Basis of Presentation – The accompanying condensed consolidated financial statements (“financial statements”) have been prepared on a consistent basis with the audited consolidated financial statements as of December 30, 2017, and include all normal recurring adjustments necessary to fairly state the information set forth therein. All significant intercompany accounts and transactions have been eliminated in consolidation.

The financial statements have been prepared in accordance with the regulations of the United States Securities and Exchange Commission (“SEC”) for interim periods in accordance with S-X Article 10, and, therefore, omit certain information and footnote disclosure necessary to present the statements in accordance with accounting principles generally accepted in the United States of America (“U.S. GAAP”). The operating results for interim periods are not necessarily indicative of the operating results that may be expected for the entire year. These financial statements should be read in conjunction with the audited consolidated financial statements and notes thereto for the fiscal year ended December 30, 2017, which were included in the Company’s Annual Report on Form 10-K filed with the SEC on February 26, 2018.

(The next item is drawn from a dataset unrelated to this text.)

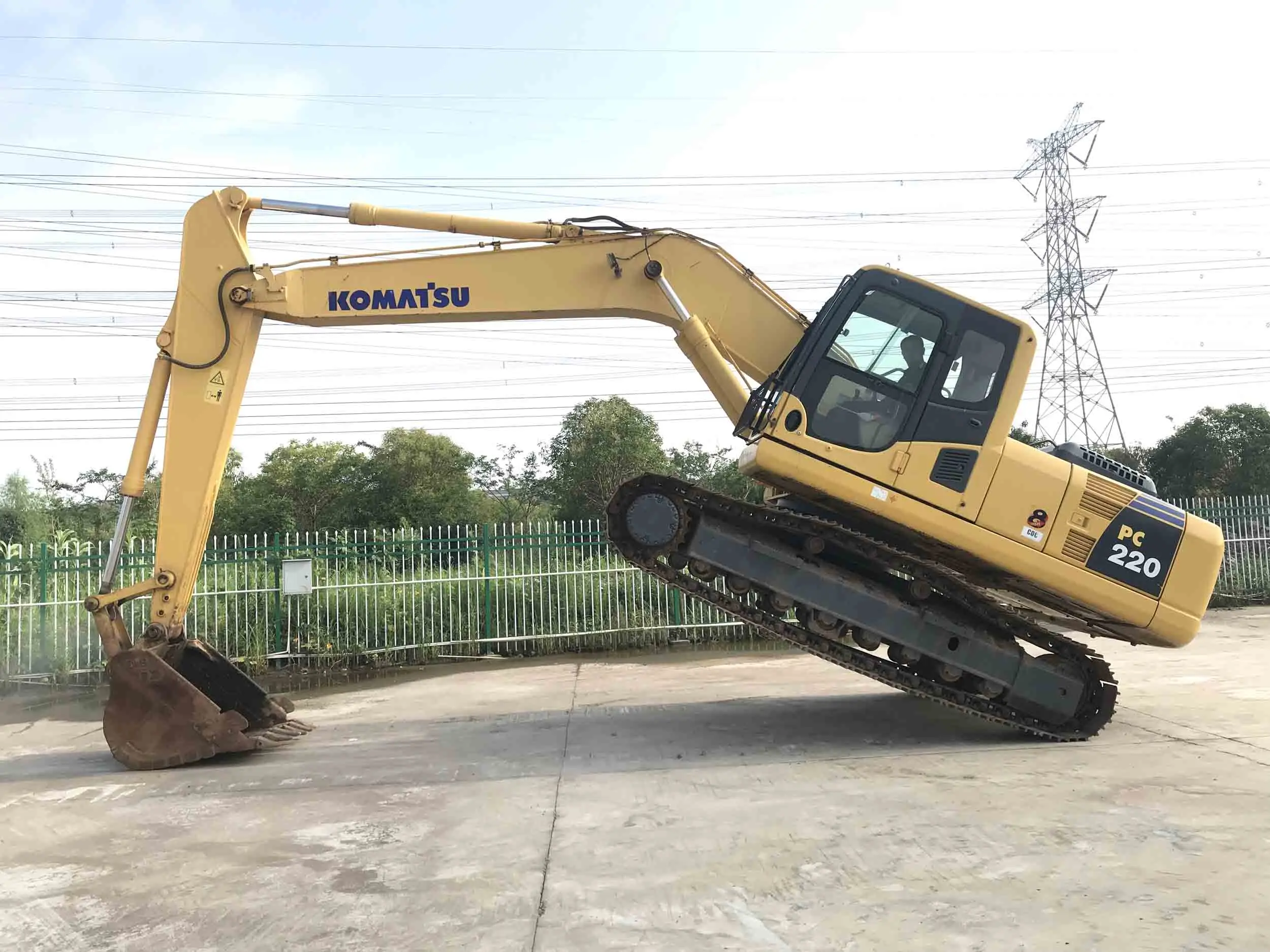 Active Used Construction Equipment Komatsu PC220-8 Crawler Excavator Digger/Durable Used Komatsu 22 ton Excavator at Good Price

Fiscal Period – The Company uses a 52/53 week fiscal year ending on the last Saturday of the calendar year. All references to the quarter refer to Nanometrics’ fiscal quarter. The fiscal quarters reported herein are 13 week periods.

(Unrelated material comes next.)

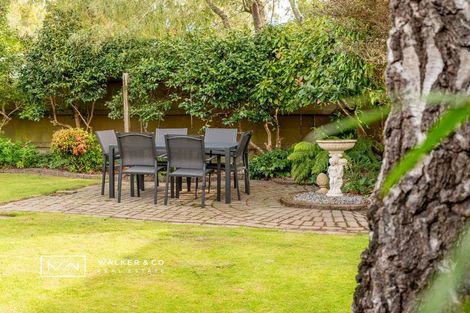 Photo of property in 2/54 Heretaunga Square, Silverstream, Upper Hutt, 5019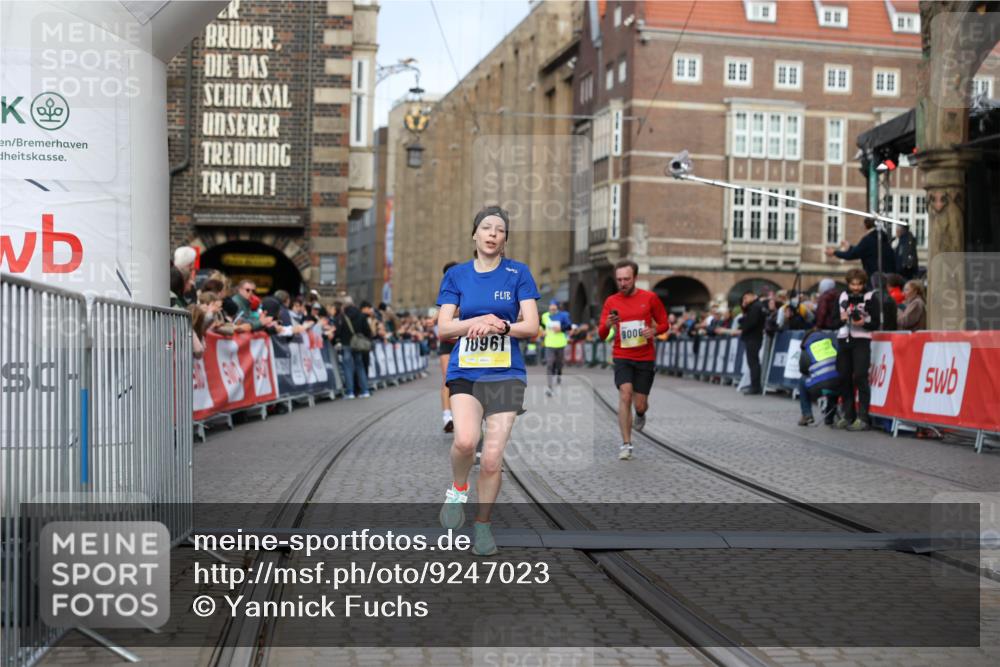 05.10.2025 - 20. swb-Marathon Bremen Yannick Fuchs http://msf.ph/oto/9247023 05.10.2025 10:43:12 Ziel 9006, 9302, 9558, 10045, 10553, 10961, 11476 meine-sportfotos.de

Use of Estimates – The preparation of financial statements in conformity with U.S. GAAP requires management to make estimates and assumptions that affect the reported amounts of assets and liabilities and disclosure of contingent assets and liabilities at the date of the financial statements and the reported amounts of revenues and expenses during the reported period. Actual results could differ materially from those estimates. Estimates are used for, but not limited to, revenue recognition, the provision for doubtful accounts, the provision for excess, obsolete, or slow-moving inventories, valuation of intangible and long-lived assets, warranty accruals, income taxes, valuation of stock-based compensation, and contingencies.

Changes to Significant Accounting Policies

Except for the changes below, the Company has consistently applied the accounting policies to all periods presented in these financial statements.

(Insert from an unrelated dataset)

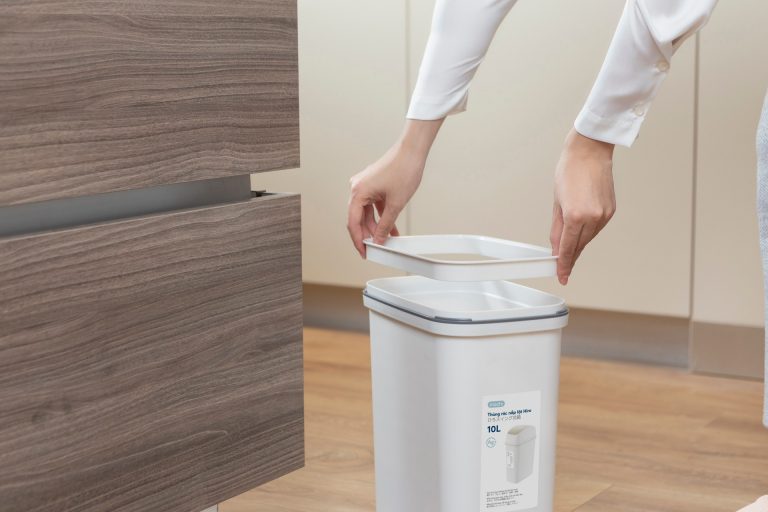 Thùng rác nắp lật Hiro 5L ( Giao màu ngẫu nhiên )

The Company adopted the new accounting standard Topic 606, Revenue from Contracts with Customers and all the related amendments using the modified retrospective method of transition. As a result, the Company has changed its accounting policy for revenue recognition as detailed below. We adopted the new standard for all contracts not substantially completed at the date of adoption and the Company expects all new contracts will be governed by the new standard.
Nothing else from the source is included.